[Data extracted from a collection]

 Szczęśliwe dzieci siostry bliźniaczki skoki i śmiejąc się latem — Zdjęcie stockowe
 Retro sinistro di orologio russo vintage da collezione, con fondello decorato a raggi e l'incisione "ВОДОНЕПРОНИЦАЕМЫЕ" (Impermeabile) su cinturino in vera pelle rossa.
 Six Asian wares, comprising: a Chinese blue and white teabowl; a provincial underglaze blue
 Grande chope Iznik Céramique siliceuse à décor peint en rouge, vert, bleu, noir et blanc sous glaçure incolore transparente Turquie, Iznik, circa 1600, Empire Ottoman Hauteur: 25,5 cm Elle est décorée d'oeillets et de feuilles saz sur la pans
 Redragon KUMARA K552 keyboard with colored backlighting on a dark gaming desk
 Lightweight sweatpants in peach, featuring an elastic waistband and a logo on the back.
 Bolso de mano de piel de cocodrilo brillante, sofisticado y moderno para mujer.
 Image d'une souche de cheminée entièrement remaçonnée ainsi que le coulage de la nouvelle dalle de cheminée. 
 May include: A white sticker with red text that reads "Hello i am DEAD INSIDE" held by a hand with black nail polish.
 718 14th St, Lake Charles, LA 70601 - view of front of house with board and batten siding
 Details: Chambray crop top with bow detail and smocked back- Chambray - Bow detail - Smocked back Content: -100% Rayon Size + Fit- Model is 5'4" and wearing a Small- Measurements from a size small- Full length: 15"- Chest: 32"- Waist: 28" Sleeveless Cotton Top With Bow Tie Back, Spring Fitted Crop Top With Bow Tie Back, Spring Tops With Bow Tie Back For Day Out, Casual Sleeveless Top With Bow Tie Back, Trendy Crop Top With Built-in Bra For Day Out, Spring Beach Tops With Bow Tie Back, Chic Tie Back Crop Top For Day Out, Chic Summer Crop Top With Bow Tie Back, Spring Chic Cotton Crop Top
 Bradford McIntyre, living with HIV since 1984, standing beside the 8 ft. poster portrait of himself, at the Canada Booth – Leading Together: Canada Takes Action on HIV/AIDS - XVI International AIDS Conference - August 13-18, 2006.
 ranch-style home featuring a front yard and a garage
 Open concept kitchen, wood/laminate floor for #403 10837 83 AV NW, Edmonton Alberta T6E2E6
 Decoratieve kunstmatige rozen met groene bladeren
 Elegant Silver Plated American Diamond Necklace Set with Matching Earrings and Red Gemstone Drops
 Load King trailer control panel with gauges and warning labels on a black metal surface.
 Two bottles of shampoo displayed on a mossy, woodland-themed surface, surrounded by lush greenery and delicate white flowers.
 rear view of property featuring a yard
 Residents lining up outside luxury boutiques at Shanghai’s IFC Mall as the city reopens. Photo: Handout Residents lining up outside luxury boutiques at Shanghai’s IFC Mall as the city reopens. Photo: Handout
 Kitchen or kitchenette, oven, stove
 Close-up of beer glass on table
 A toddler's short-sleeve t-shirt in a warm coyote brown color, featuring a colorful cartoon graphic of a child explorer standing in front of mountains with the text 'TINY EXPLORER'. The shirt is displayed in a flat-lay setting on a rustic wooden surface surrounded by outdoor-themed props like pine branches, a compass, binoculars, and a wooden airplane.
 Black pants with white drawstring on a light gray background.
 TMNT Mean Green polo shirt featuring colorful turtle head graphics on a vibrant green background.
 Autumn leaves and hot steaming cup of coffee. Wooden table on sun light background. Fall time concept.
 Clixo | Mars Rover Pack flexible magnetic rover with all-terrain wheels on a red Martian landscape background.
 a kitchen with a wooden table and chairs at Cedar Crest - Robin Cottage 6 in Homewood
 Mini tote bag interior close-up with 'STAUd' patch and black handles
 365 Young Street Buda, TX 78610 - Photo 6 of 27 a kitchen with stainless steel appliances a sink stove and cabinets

> _About this exercise_: Every record above needs to be copied exactly.

> _Solution to the exercise_:
 Szczęśliwe dzieci siostry bliźniaczki skoki i śmiejąc się latem — Zdjęcie stockowe
 Retro sinistro di orologio russo vintage da collezione, con fondello decorato a raggi e l'incisione "ВОДОНЕПРОНИЦАЕМЫЕ" (Impermeabile) su cinturino in vera pelle rossa.
 Six Asian wares, comprising: a Chinese blue and white teabowl; a provincial underglaze blue
 Grande chope Iznik Céramique siliceuse à décor peint en rouge, vert, bleu, noir et blanc sous glaçure incolore transparente Turquie, Iznik, circa 1600, Empire Ottoman Hauteur: 25,5 cm Elle est décorée d'oeillets et de feuilles saz sur la pans
 Redragon KUMARA K552 keyboard with colored backlighting on a dark gaming desk
 Lightweight sweatpants in peach, featuring an elastic waistband and a logo on the back.
 Bolso de mano de piel de cocodrilo brillante, sofisticado y moderno para mujer.
 Image d'une souche de cheminée entièrement remaçonnée ainsi que le coulage de la nouvelle dalle de cheminée. 
 May include: A white sticker with red text that reads "Hello i am DEAD INSIDE" held by a hand with black nail polish.
 718 14th St, Lake Charles, LA 70601 - view of front of house with board and batten siding
 Details: Chambray crop top with bow detail and smocked back- Chambray - Bow detail - Smocked back Content: -100% Rayon Size + Fit- Model is 5'4" and wearing a Small- Measurements from a size small- Full length: 15"- Chest: 32"- Waist: 28" Sleeveless Cotton Top With Bow Tie Back, Spring Fitted Crop Top With Bow Tie Back, Spring Tops With Bow Tie Back For Day Out, Casual Sleeveless Top With Bow Tie Back, Trendy Crop Top With Built-in Bra For Day Out, Spring Beach Tops With Bow Tie Back, Chic Tie Back Crop Top For Day Out, Chic Summer Crop Top With Bow Tie Back, Spring Chic Cotton Crop Top
 Bradford McIntyre, living with HIV since 1984, standing beside the 8 ft. poster portrait of himself, at the Canada Booth – Leading Together: Canada Takes Action on HIV/AIDS - XVI International AIDS Conference - August 13-18, 2006.
 ranch-style home featuring a front yard and a garage
 Open concept kitchen, wood/laminate floor for #403 10837 83 AV NW, Edmonton Alberta T6E2E6
 Decoratieve kunstmatige rozen met groene bladeren
 Elegant Silver Plated American Diamond Necklace Set with Matching Earrings and Red Gemstone Drops
 Load King trailer control panel with gauges and warning labels on a black metal surface.
 Two bottles of shampoo displayed on a mossy, woodland-themed surface, surrounded by lush greenery and delicate white flowers.
 rear view of property featuring a yard
 Residents lining up outside luxury boutiques at Shanghai’s IFC Mall as the city reopens. Photo: Handout Residents lining up outside luxury boutiques at Shanghai’s IFC Mall as the city reopens. Photo: Handout
 Kitchen or kitchenette, oven, stove
 Close-up of beer glass on table
 A toddler's short-sleeve t-shirt in a warm coyote brown color, featuring a colorful cartoon graphic of a child explorer standing in front of mountains with the text 'TINY EXPLORER'. The shirt is displayed in a flat-lay setting on a rustic wooden surface surrounded by outdoor-themed props like pine branches, a compass, binoculars, and a wooden airplane.
 Black pants with white drawstring on a light gray background.
 TMNT Mean Green polo shirt featuring colorful turtle head graphics on a vibrant green background.
 Autumn leaves and hot steaming cup of coffee. Wooden table on sun light background. Fall time concept.
 Clixo | Mars Rover Pack flexible magnetic rover with all-terrain wheels on a red Martian landscape background.
 a kitchen with a wooden table and chairs at Cedar Crest - Robin Cottage 6 in Homewood
 Mini tote bag interior close-up with 'STAUd' patch and black handles
 365 Young Street Buda, TX 78610 - Photo 6 of 27 a kitchen with stainless steel appliances a sink stove and cabinets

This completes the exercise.